Spooky Stats and Peculiar Paradoxes
Creepy Confidence Intervals
Work Smarter Together

About Evaluation Matters

Evaluation Matters is a monthly newsletter published by University of Nevada, Reno-Extension. It is designed to support Extension personnel and community partners in building practical skills for evaluating programs, making sense of data, and improving outcomes. Each issue focuses on a key concept or method in evaluation and provides clear explanations, examples, and tools that can be applied to real-world programs.

See your data in a new light. This issue explores how hidden patterns can mislead results, how to measure uncertainty with confidence intervals, and how thoughtful collaboration helps teams work smarter together.

Spooky Stats and Peculiar Paradoxes

Learn how strange statistical patterns like Simpson’s Paradox, Survivorship Bias, and Selection Bias can trick evaluators and distort results.

Sometimes data can mislead. A pattern looks clear, a conclusion feels certain, and then something changes when we look at our data in a different way. In evaluation, these moments can be spooky! Like a creak in an old house, sometimes there are signs that something beneath the surface deserves another look. Three statistical phenomena can be responsible for such surprises: Simpson’s Paradox, Survivorship Bias, and Selection Bias. Each can distort what your numbers say, leading to confident but mistaken interpretations if left unrecognized.

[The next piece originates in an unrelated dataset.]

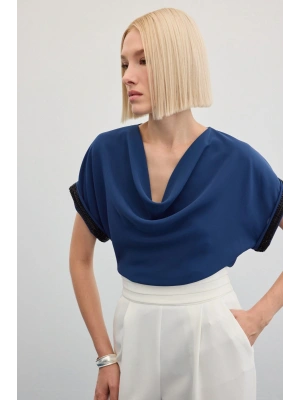 Kollar Taş Detaylı Salaş Bluz - İndigo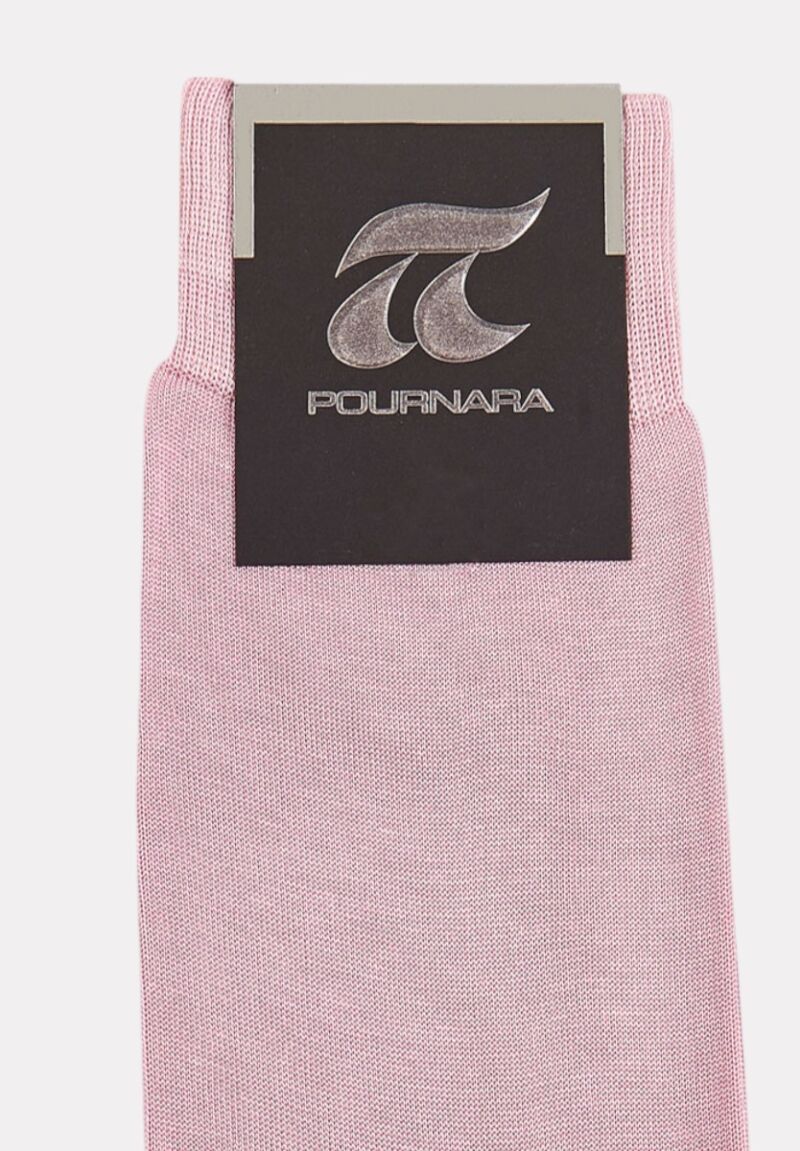 Κάλτσα ανδρική βαμβακερή Pournara χωρίς ραφές Ροζ Λιλά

Even clear data can conceal hidden stories.

Simpson’s Paradox occurs when a relationship that appears in the overall data reverses or disappears once the information is separated into groups. Imagine a chart showing a downward slope between two variables, perhaps suggesting that higher participation hours lead to lower satisfaction. The pattern looks clear, but when the data are broken out by subgroup, the relationship reverses, and within each group, satisfaction actually increases with participation. The apparent decline comes from combining groups of different sizes or characteristics, which hides what is happening within them. In evaluation, this might occur when statewide data show a decline even though most regions or populations experienced increases. The original pattern wasn’t technically false, but it was incomplete and distorted by aggregation.

This phenomenon can be observed by looking at the pair of visual aids on page 2. The first scatterplot displays a single trend line fit to the data inclined downward, a negative correlation. As X increases from left to right, Y decreases. The second scatterplot separates the same data into groups identified by color, and now each group shows an upward slope or a positive correlation. What looked like a single pattern turns out to be several smaller ones layered together. When one larger group pulls the overall average in one direction, the combined result can sometimes misinterpret what happens within the individual components. For evaluators, the lesson here is to look beyond the summary figures and test whether patterns hold across subgroups. Sometimes, what first appears to be a valid and reliable conclusion can change once we examine the data in a different way.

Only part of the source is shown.